# Cap for your Building Roof.



## Lawrence Wallace (Jan 2, 2008)

One thing that always bothered me when making a roof has been the top where the sides meet.

I now use a piece of panel trim used where two panels meet.

I cut off the bottom section and use it as shown below.
I have tried it with all types of building materials and have been satisfied with the results.

Easy to use and takes most types of glue well.


----------



## K27_463 (Jan 2, 2008)

Would it work to leave the bottom piece in place and snug the roof between bottom and top portions of the trim piece? That way the roof panel would have support along the top ridge and possible avoid sagging. You may need to bend the bottom flange of the trim to accommodate the roof angle. 
Jonathan/EMw


----------



## Lawrence Wallace (Jan 2, 2008)

Jonathan, 

I use a piece of this uncut trim of as a support to lay my roof panels on. 
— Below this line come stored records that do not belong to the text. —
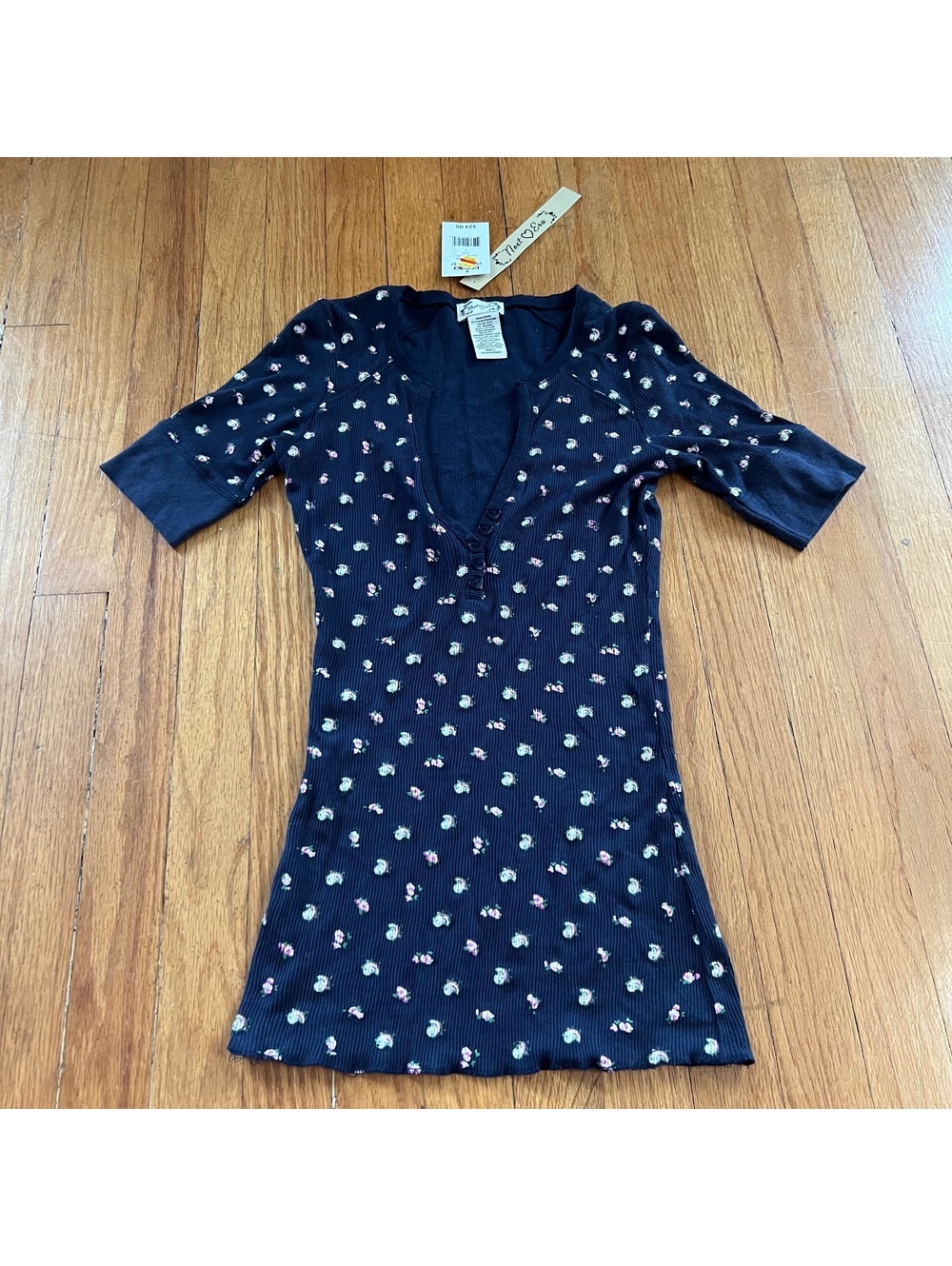 Vintage y2k NWT adorable fitted quarter sleeve Henley floral print heart buttons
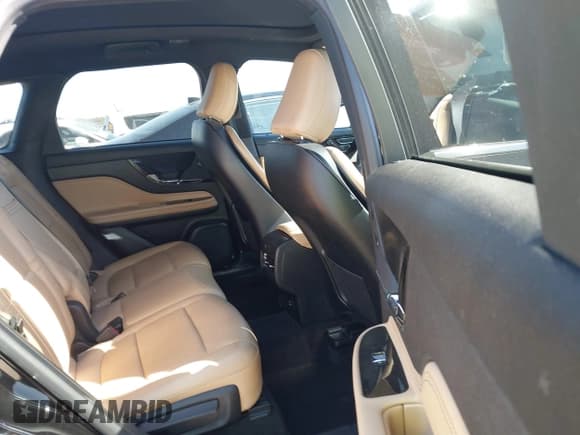 ✅ 2021 Lincoln Corsair Reserve • VIN: 5LMCJ2C98MUL20447 • Lot: 43493111. Wystawiony na IAAI z przebiegiem 122 098 mil. Bezpłatny archiwum sprzedaży aukcyjnych z USA i szczegółowy raport historii pojazdu na DreamBid. Zdjęcie 8.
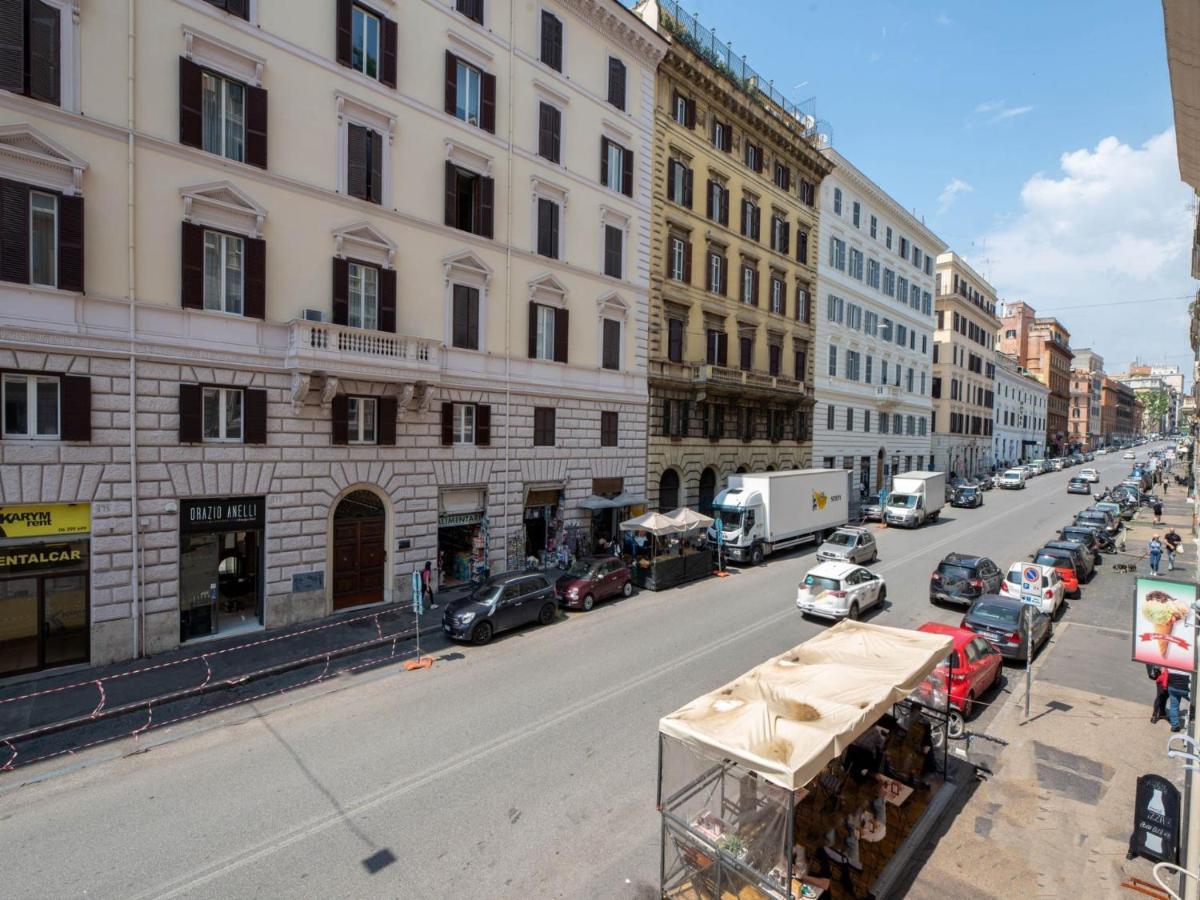 The Best Rent - Spacious Three-Bedroom Apartment Near The Colosseum — Photos 1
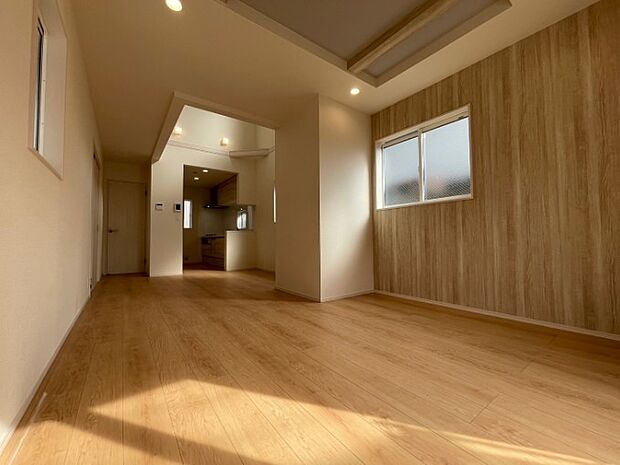 明るく開放的なダイニング。家族とのコミュニケーションが取りやすく、みんなの笑顔が溢れます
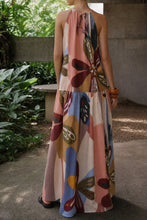 Cargar imagen en el visor de la galería, THE FLOWY PRINTED DRESS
I tried your suggestion before and found I had hard time getting the angle adjusted just right. 

By adding a full section of the trim cut square and glued between the ends of the building walls it supported the roof and kept the wall sections true. 

I should look up a picture of what I described above and add it to the post and on my web page. 

 [url]http://users.stratuswave.net/~wd8jik/plasticadv/plasticadv.htm [/url]


----------



## Richard Smith (Jan 2, 2008)

Yogi, 

That's a great idea. I'll try that.


----------